• _TO DO_:
Your task is to retype every entry exactly, omitting nothing.
■ ■ ■ ■ ■
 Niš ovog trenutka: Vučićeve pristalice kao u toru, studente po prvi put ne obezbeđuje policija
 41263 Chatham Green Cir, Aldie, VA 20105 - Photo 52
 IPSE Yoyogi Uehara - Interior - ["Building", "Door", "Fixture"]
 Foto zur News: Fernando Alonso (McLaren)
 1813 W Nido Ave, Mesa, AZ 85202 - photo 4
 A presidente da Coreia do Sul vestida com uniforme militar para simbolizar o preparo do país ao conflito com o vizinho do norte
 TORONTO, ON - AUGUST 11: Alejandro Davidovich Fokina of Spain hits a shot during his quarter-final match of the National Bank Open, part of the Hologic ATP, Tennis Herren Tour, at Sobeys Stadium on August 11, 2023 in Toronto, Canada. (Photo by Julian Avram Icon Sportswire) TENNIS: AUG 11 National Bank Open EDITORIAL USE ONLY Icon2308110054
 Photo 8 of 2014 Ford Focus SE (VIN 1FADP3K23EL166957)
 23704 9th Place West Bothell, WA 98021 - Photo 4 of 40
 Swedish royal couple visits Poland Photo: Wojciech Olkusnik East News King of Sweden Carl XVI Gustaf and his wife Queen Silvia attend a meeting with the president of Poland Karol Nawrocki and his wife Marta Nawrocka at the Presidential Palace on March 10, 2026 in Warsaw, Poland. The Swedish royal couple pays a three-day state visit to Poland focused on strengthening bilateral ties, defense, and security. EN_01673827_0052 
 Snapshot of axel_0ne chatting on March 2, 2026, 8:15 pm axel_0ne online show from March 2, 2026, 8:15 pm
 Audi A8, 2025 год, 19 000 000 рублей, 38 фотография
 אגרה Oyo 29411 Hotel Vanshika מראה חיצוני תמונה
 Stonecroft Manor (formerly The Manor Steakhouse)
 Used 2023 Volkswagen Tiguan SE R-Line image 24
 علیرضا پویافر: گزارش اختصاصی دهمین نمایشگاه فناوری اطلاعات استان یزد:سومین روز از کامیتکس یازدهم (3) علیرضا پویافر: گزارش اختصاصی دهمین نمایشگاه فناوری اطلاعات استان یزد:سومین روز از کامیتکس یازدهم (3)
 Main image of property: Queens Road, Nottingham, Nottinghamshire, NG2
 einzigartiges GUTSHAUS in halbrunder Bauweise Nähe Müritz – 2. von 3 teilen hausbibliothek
■ ■ ■ ■ ■
• _RESPONSE FOR THIS EXERCISE_:
 Niš ovog trenutka: Vučićeve pristalice kao u toru, studente po prvi put ne obezbeđuje policija
 41263 Chatham Green Cir, Aldie, VA 20105 - Photo 52
 IPSE Yoyogi Uehara - Interior - ["Building", "Door", "Fixture"]
 Foto zur News: Fernando Alonso (McLaren)
 1813 W Nido Ave, Mesa, AZ 85202 - photo 4
 A presidente da Coreia do Sul vestida com uniforme militar para simbolizar o preparo do país ao conflito com o vizinho do norte
 TORONTO, ON - AUGUST 11: Alejandro Davidovich Fokina of Spain hits a shot during his quarter-final match of the National Bank Open, part of the Hologic ATP, Tennis Herren Tour, at Sobeys Stadium on August 11, 2023 in Toronto, Canada. (Photo by Julian Avram Icon Sportswire) TENNIS: AUG 11 National Bank Open EDITORIAL USE ONLY Icon2308110054
 Photo 8 of 2014 Ford Focus SE (VIN 1FADP3K23EL166957)
 23704 9th Place West Bothell, WA 98021 - Photo 4 of 40
 Swedish royal couple visits Poland Photo: Wojciech Olkusnik East News King of Sweden Carl XVI Gustaf and his wife Queen Silvia attend a meeting with the president of Poland Karol Nawrocki and his wife Marta Nawrocka at the Presidential Palace on March 10, 2026 in Warsaw, Poland. The Swedish royal couple pays a three-day state visit to Poland focused on strengthening bilateral ties, defense, and security. EN_01673827_0052 
 Snapshot of axel_0ne chatting on March 2, 2026, 8:15 pm axel_0ne online show from March 2, 2026, 8:15 pm
 Audi A8, 2025 год, 19 000 000 рублей, 38 фотография
 אגרה Oyo 29411 Hotel Vanshika מראה חיצוני תמונה
 Stonecroft Manor (formerly The Manor Steakhouse)
 Used 2023 Volkswagen Tiguan SE R-Line image 24
 علیرضا پویافر: گزارش اختصاصی دهمین نمایشگاه فناوری اطلاعات استان یزد:سومین روز از کامیتکس یازدهم (3) علیرضا پویافر: گزارش اختصاصی دهمین نمایشگاه فناوری اطلاعات استان یزد:سومین روز از کامیتکس یازدهم (3)
 Main image of property: Queens Road, Nottingham, Nottinghamshire, NG2
 einzigartiges GUTSHAUS in halbrunder Bauweise Nähe Müritz – 2. von 3 teilen hausbibliothek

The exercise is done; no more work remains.